This book was assigned to me in a liberal studies program long ago. Lester Russell Brown, to give his full name, is a former farmer and has worked with the Department of Agriculture. He is head of the Worldwatch Institute (or was when this book was published). The overall argument is that creating a sustainable society will require fundamental economic priorities and population policies. This was a slow read for me and took quite some time to get through. It is a good read but Brown throws in too many figures and tables. He is trying very hard to persuade lawmakers to adopt his ideas and apparently wrote it as short cut for lawmakers so they did not have to wade through all the position papers the Worldwatch Institute had issued. Simply put, the book is pro-ecology, pro-self-sustaining, pro-family planning, pro-solar power. He is opposed to nuclear power, oil power and coal power. He is clear opposed to the military and writes anti-militarist passages in his book. He is also opposite to the materialism that is pervasive in American society, and also argues against our industrial society. He is pro-agricultural in his writing extensively about food and farming. He talks much about a renewable energy economy and rejects the oil, gas, coal, and nuclear interests that still control much of our society and economy. Furthermore, Brown has the ideology of a globalist political philosopher. He talks of the need to get rid of nationalist ideas into order to make for a sustainable society worldwide. Among his other books is World Without Borders.
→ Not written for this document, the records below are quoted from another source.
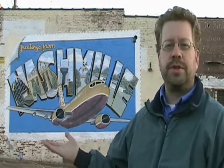Greetings from Nashville, and welcome to another segment of Local Aficionado. On this part, we're going to talk about art outside of art galleries and outside of museums. Today, it's murals.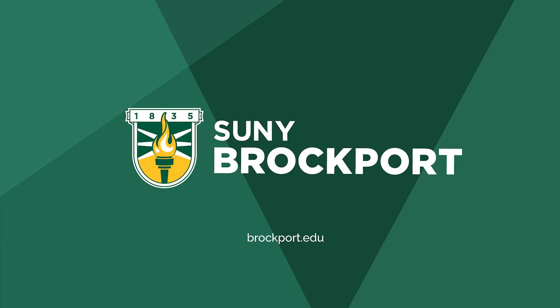If you're interested in learning more about physics, or if you're interested in increasing your spin rate legally, take a look at SUNY Brockport.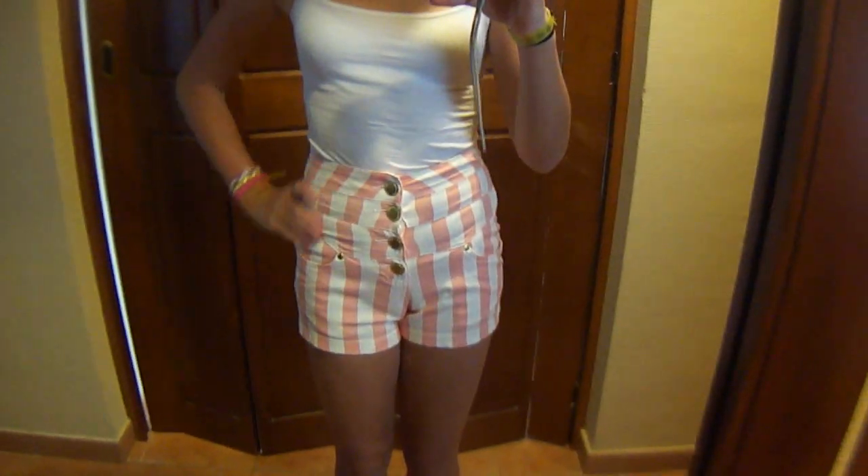I'm wearing this white vest from Primark with these shorts from Primark, which are really extremely high waisted, pinstripe, pink and pastel shorts.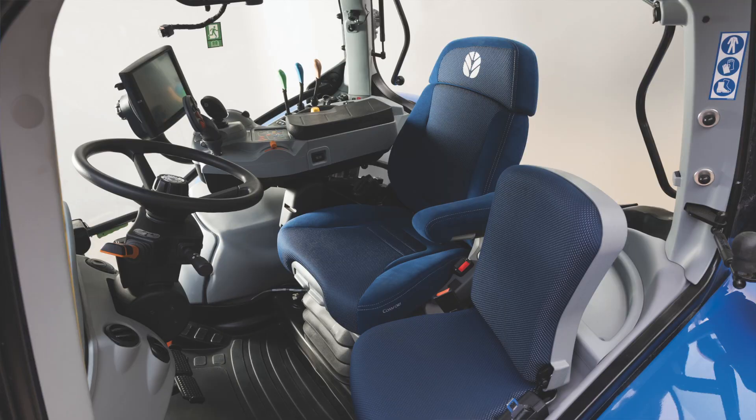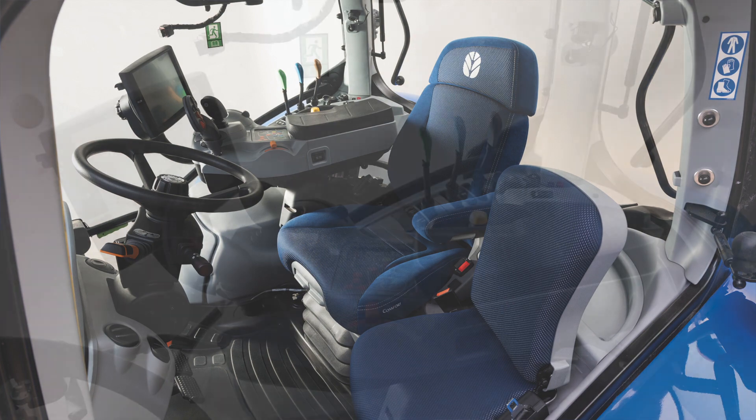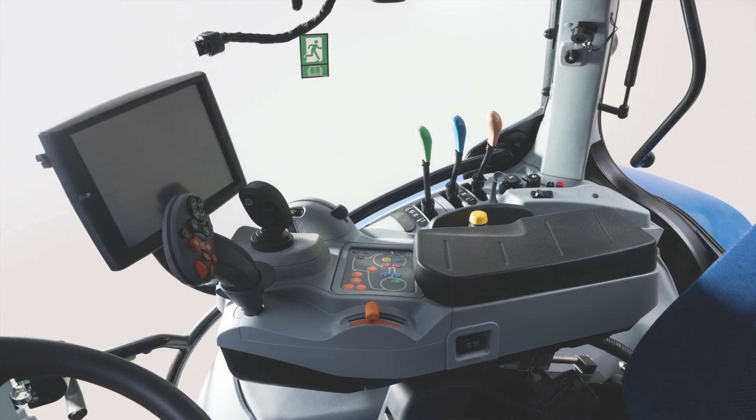The comfort that the Horizon cab brings is something synonymous for the T6 series in terms of ergonomic placement of the controls and overall operator comfort.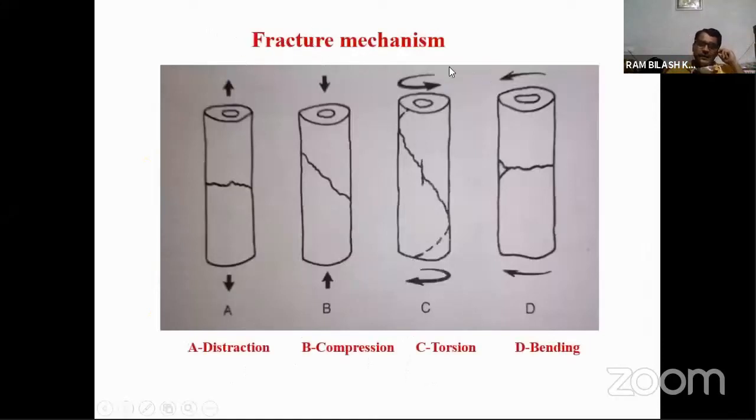These are the fracture mechanics and the different forces acting on the bone: distractive forces, compressive forces, torsional forces, bending forces, and shear forces. During rigid immobilization we are trying to neutralize these forces, which are regularly and continuously acting on the bone. Once you can neutralize these forces, you can achieve rigid immobilization.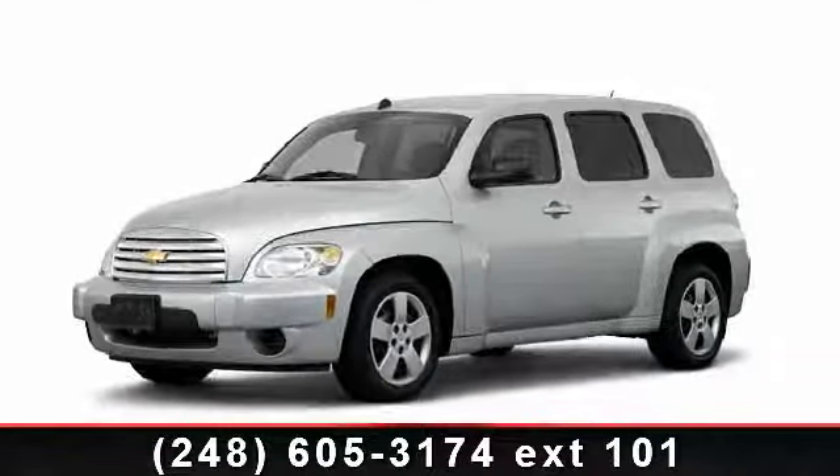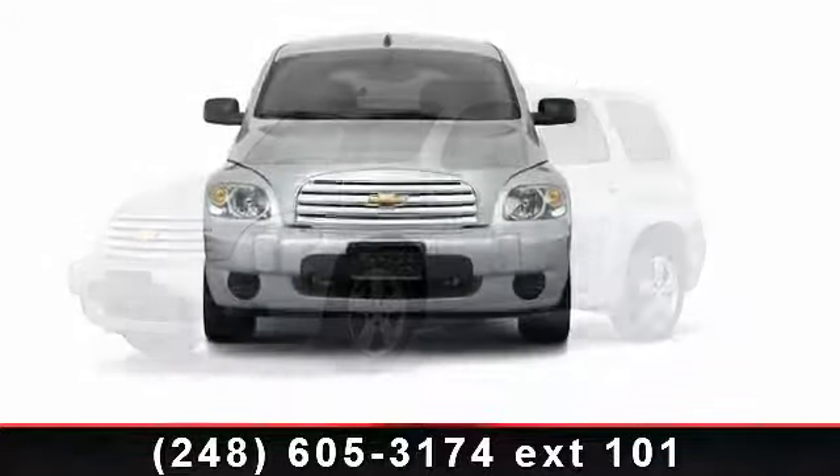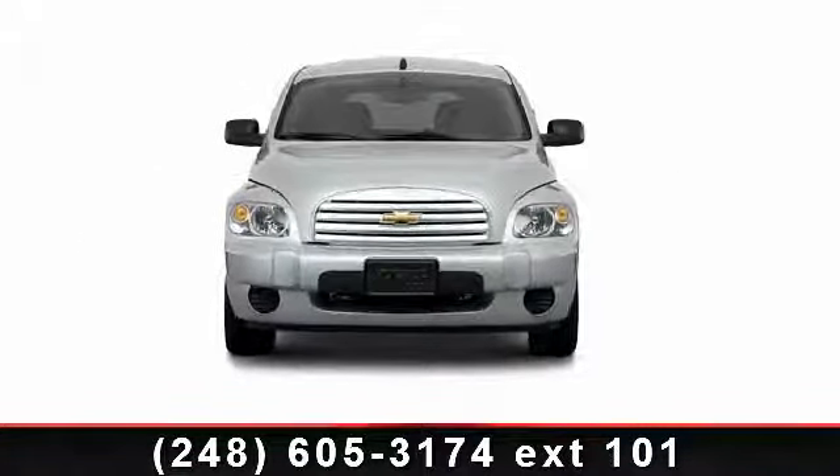Presenting the 2011 Chevrolet HH-RLS. If you are looking for an automobile with great features, look no further.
Brown argues, among other issues, that our escalating food demands are leading to top soil losses that are eroding the foundation of civilization itself. He deals with deforestation, overgrazing, over fishing -- these are all shrinking the economy's resource base. He believes the oil wells are going dry, but oilmen deny this. He wishes to describe the essential character of a sustainable society, to provide a sense of direction for planners and policymakers who are too busy to do all the reading and research needed to make decisions. The writer draws on his own agricultural roots as a former farmer, who also lived in Indian villages. He has also worked in world agricultural development.
He argues that the managerial elite of our economy is blind to the signs of our times. He lays out the threats to our contemporary civilization by discussing soil erosion, converting agricultural lands to other other uses, the threats of urban sprawl, village expansion, highway construction, and other aspects of urbanism that he clearly detests. He discusses the unsustainable relationship that has developed between our contemporary civilization and the biological systems that support it. Thus he supports birth control and family planning. He also fears the potential depletion of oil reserves before alternative energy sources are developed.
All of these arguments tie back into the subject of food, its prospects of availability and the system that creates it. Who is going to feed all those babies that the conservatives keep on insisting must be born.
On the whole, I found the book to be a good read, but also slow and took me a long time to finish it.